[Start of section]
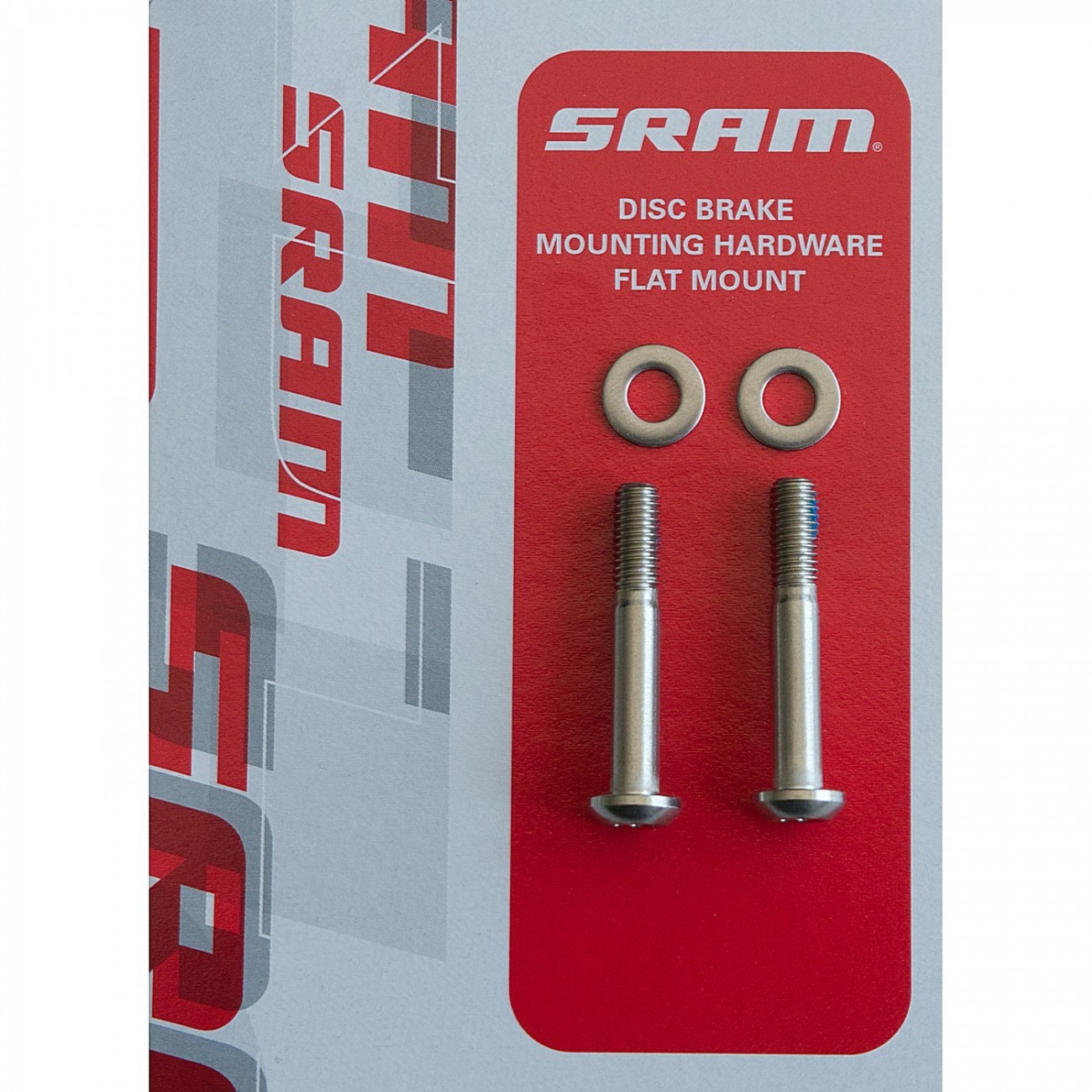 Bracket mounting bolts - stainless t25 27mm (2 pcs) - flat mount caliper - 1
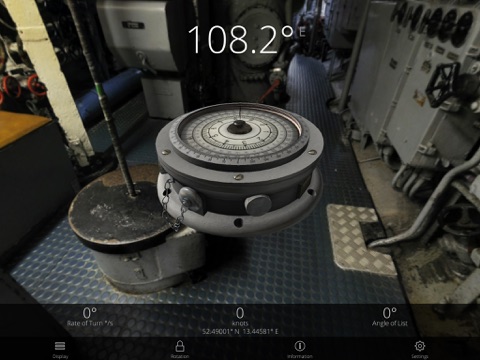 Screenshot #6 pour WOTA: U-Boat Compass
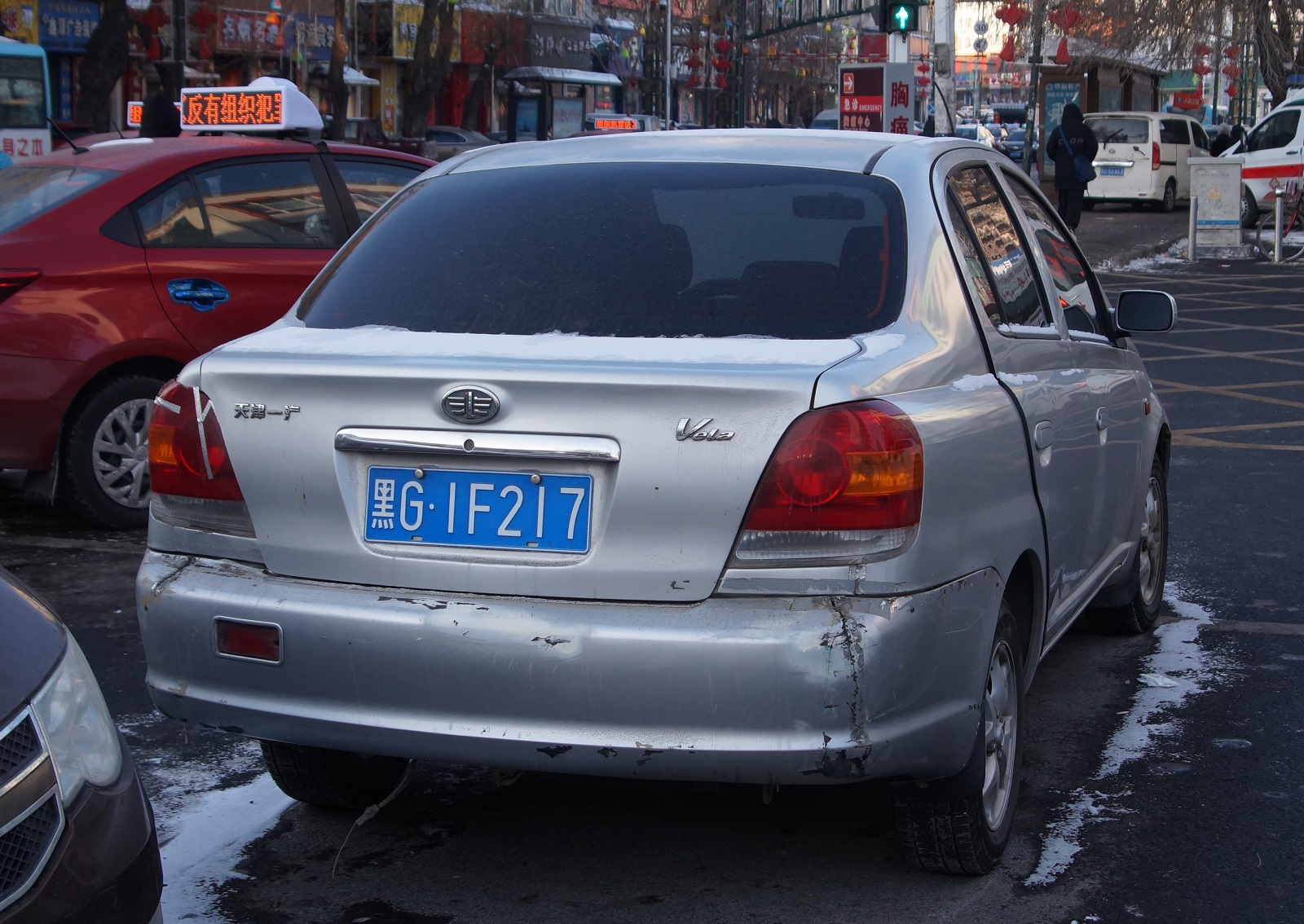 黑G·1F217, Tianjin-FAW Xiali Vela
[End of section]
Reproduce the whole listing word for word, setting aside any pictures.

 Bracket mounting bolts - stainless t25 27mm (2 pcs) - flat mount caliper - 1
 Screenshot #6 pour WOTA: U-Boat Compass
 黑G·1F217, Tianjin-FAW Xiali Vela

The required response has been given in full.